In 1948, Mary Frances Reynolds was one of many girls around the country who got a studio contract by winning a beauty pageant, but this 16-year-old Miss Burbank left her peers in the dust. The studio system may have been slowly dying in the 1950s and 60s, but Reynolds left an indelible mark, from her work at MGM — if you know only “Singin’” and her Oscar-nominated turn in “The Unsinkable Molly Brown,” give “Two Weeks with Love” or “I Love Melvin” a look next time they pop up on TCM — to her early championing of film preservation.
When most studios were shutting down their backlots and auctioning off old props and costumes, Reynolds began snapping up a substantial collection of memorabilia, much of which she displayed at her short-lived, eponymous Las Vegas casino.
At a time when almost no one else was respecting Hollywood product as art or even as pop culture, she was savvy enough to know that future generations would want to see Marilyn Monroe’s dress from “The Seven Year Itch” or the Von Trapp children’s playclothes from “The Sound of Music.”

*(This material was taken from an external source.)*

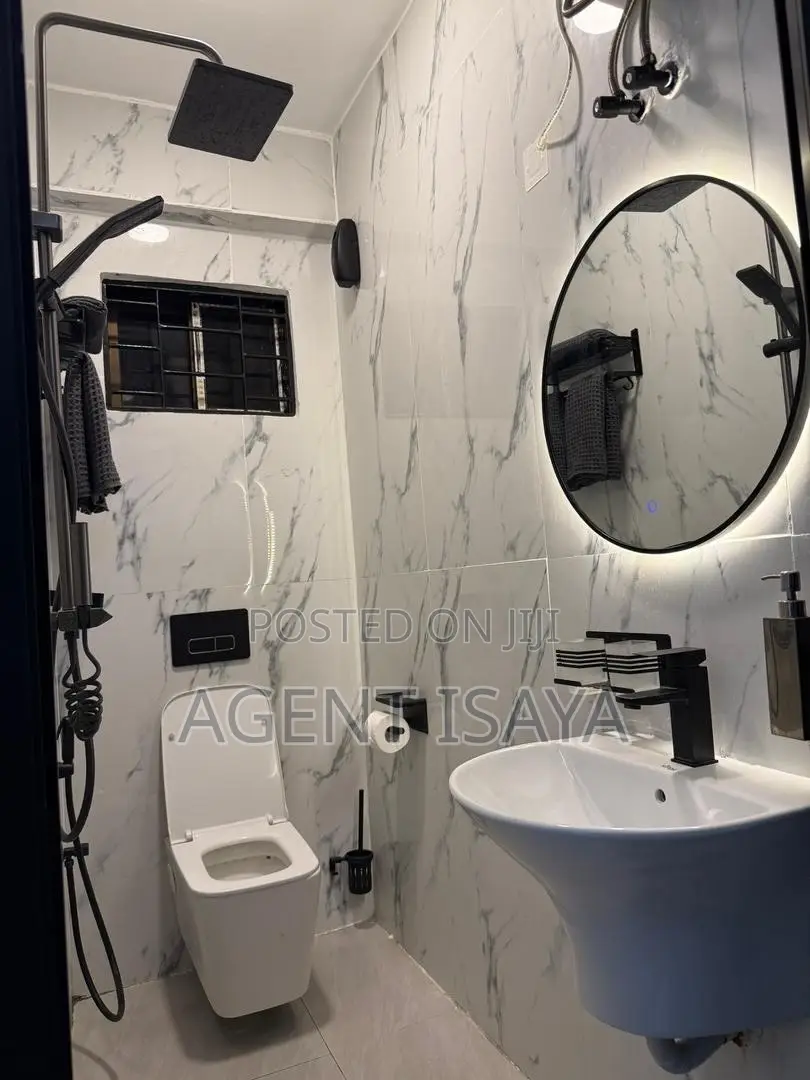 Furnished 2bdrm Apartment in Mikocheni for rent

Savviness would define Reynolds’s ever-evolving career. She became front-page news around the globe when her first husband, singer Eddie Fisher (father of her children Carrie, who died just a day before she did, and Todd), left her for Elizabeth Taylor. Reynolds refused to play the victim, keeping her head held high and going to work all the same.
Left penniless by second ex-husband Harry Karl, she kept working, on film (her late 1960s horror turn opposite Shelley Winters, “What’s the Matter with Helen?” is must viewing, as is Albert Brooks’s 1996 “Mother”), stage (she earned a Tony nomination for the revival of “Irene”) and television. (Her dedication to dinner theater was spoofed in the comedy “Connie and Carla,” where Reynolds memorably played herself.)

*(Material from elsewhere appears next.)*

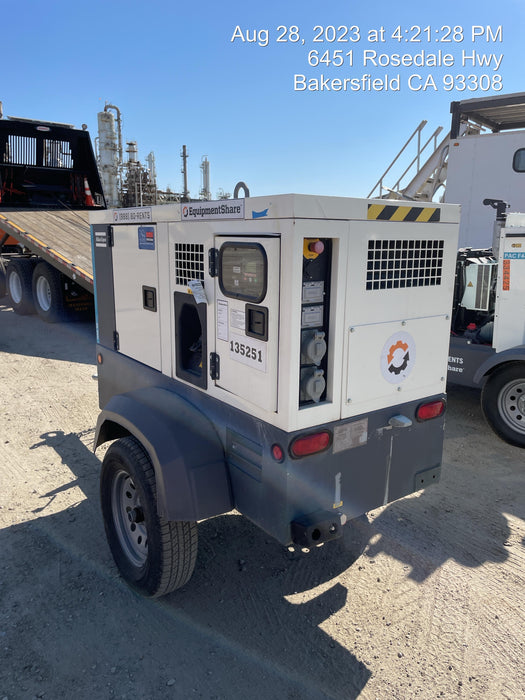 2021 ATLAS COPCO QAS45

On the small screen, Reynolds earned an Emmy for playing Grace’s mom on “Will & Grace,” stole every scene that wasn’t nailed down as Liberace’s mother in Steven Soderbergh’s “Behind the Candelabra,” and she was quite possibly the only MGM contract player to ever guest-judge on “RuPaul’s Drag Race.”
Given her relative youth at MGM, Debbie Reynolds was one of the legendary studio’s last living singing-and-dancing superstars. With her passing at age 84, we move closer to forever losing an entire, irreplaceable generation of one of Hollywood’s greatest eras.